A qualidade mais proeminente de Prey é, facilmente, o soberbo level design. Não me refiro apenas aos gráficos, que fazem uso do que há de melhor atualmente em texturas, modelagem e animação, mas também da disposição das áreas a serem investigadas e, principalmente, da criatividade envolvida na tarefa.

O jogo se gaba das possibilidades envolvidas quanto o assunto é superar um obstáculo, como passar por uma porta com senha numérica ou um painel soltando arcos de eletricidade. Se você não encontrou a senha da porta, pode hackeá-la se possuir o nível requerido da habilidade hackeamento. Se isso não for o caso, pode procurar por um duto de ventilação que leve até a sala em questão. Ou talvez simplesmente abrir a porta com força bruta. Quem sabe virar uma xícara com a habilidade mimetismo e passar por uma frestinha na janela? Embora nem toda localização tenha o mesmo nível de acessibilidade, em geral há mais de um modo.

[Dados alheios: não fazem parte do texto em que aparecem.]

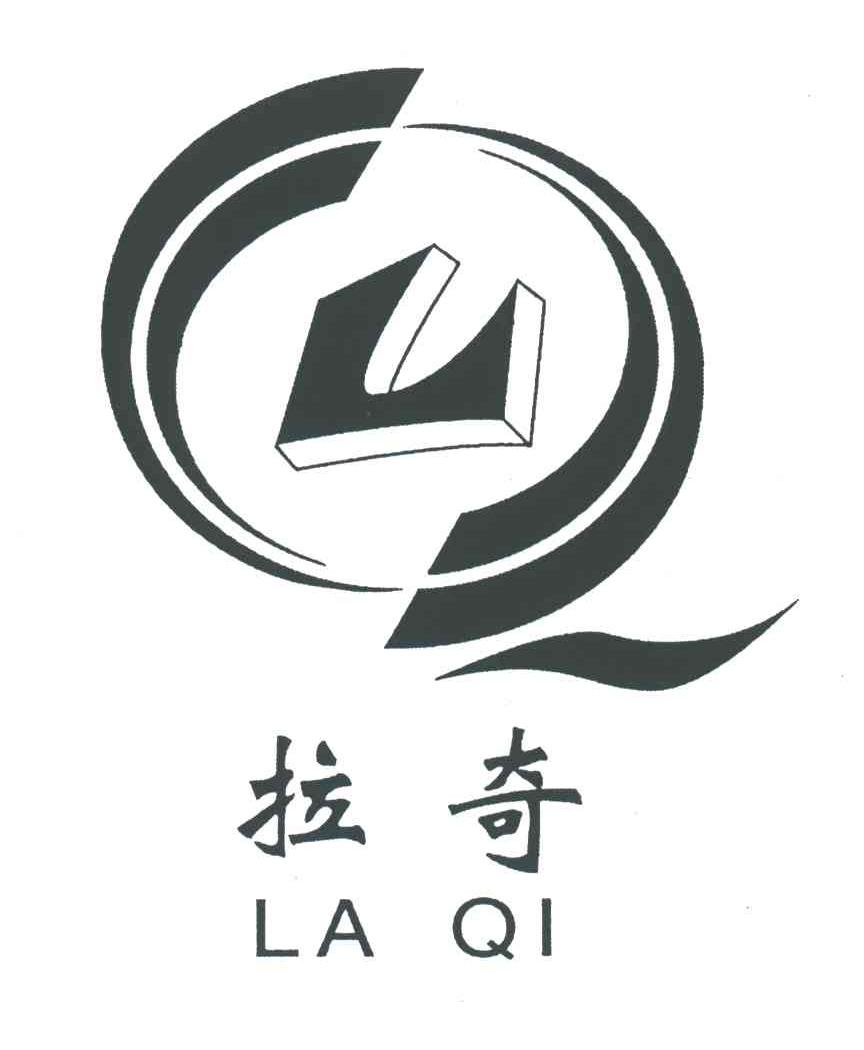 拉奇;LQ
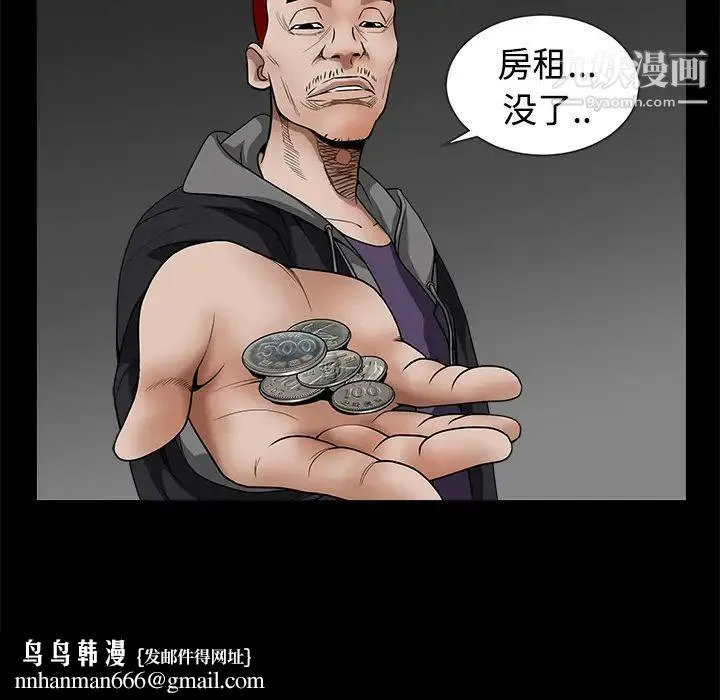 枷锁 第34话 第99页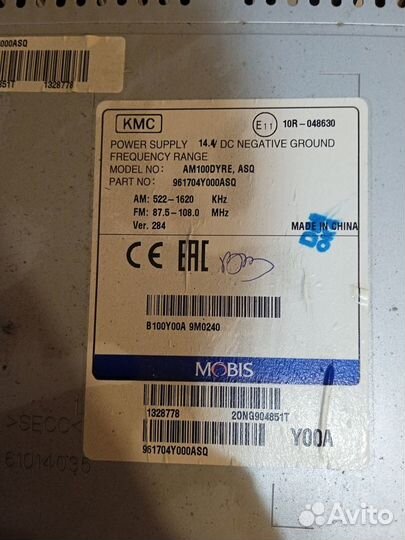 Магнитола Kia Rio 3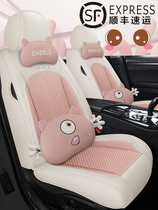 Chao brand car seat cushion all-inclusive Audi A6L a4l Q2L q3 Q5L A5 A3 four seasons universal Lady seat cover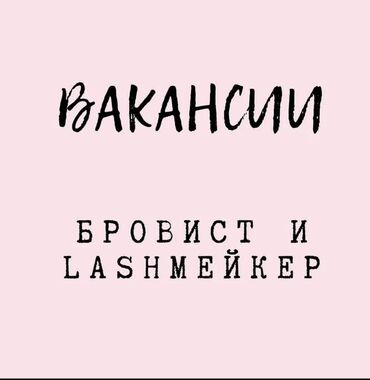 магнитные ресницы купить в бишкеке: 🌸 В салон красоты требуется лешмейкер с опытом 🌸 📍 Локация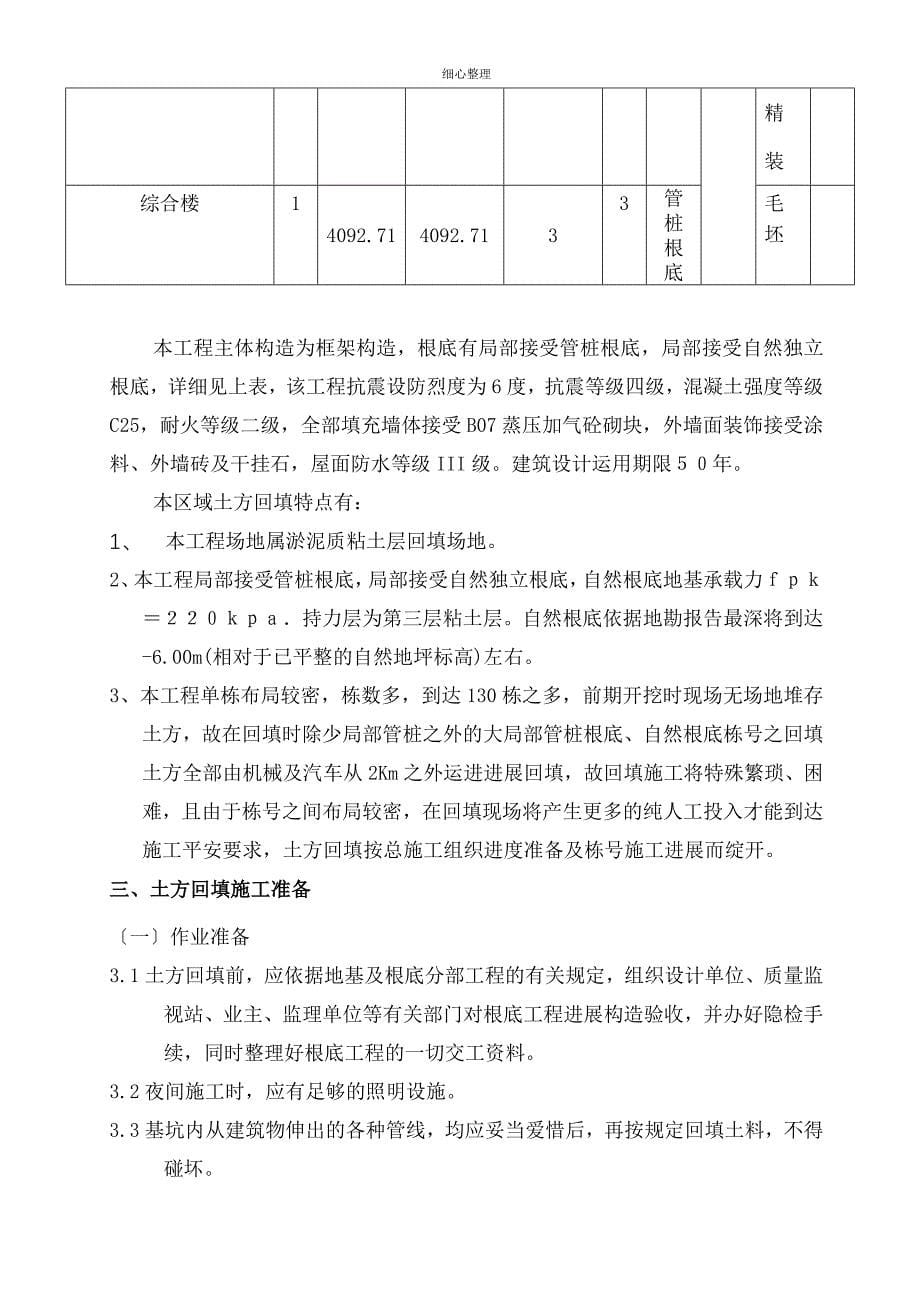 土方回填方案玲珑超豪联排综合楼样板房别墅_第5页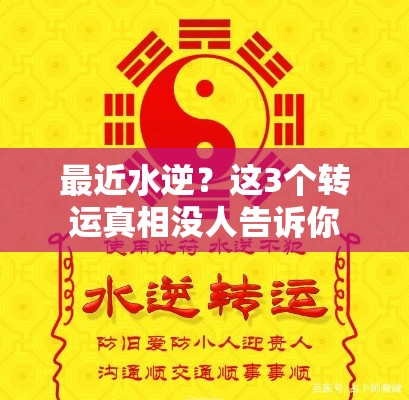 最近水逆？这3个转运真相没人告诉你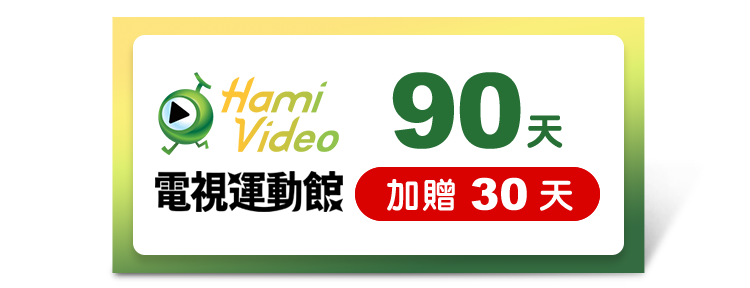 Hami Video電視運動館 90天(加贈30天)好禮即享券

Essa minuciosidade da exploração em Prey é definitivamente seu ponto mais charmoso, principalmente porque se desprende do design restritivo que compõe os outros aspectos do jogo. O comando de escalar objetos permite que Morgan chegue a lugares bizarros, mesmo que não fossem pensados para tanto. Usar o canhão GLOO nos permite criar escada e plataformas para chegarmos ainda mais longe, de modo que nada está realmente fora de nosso alcance.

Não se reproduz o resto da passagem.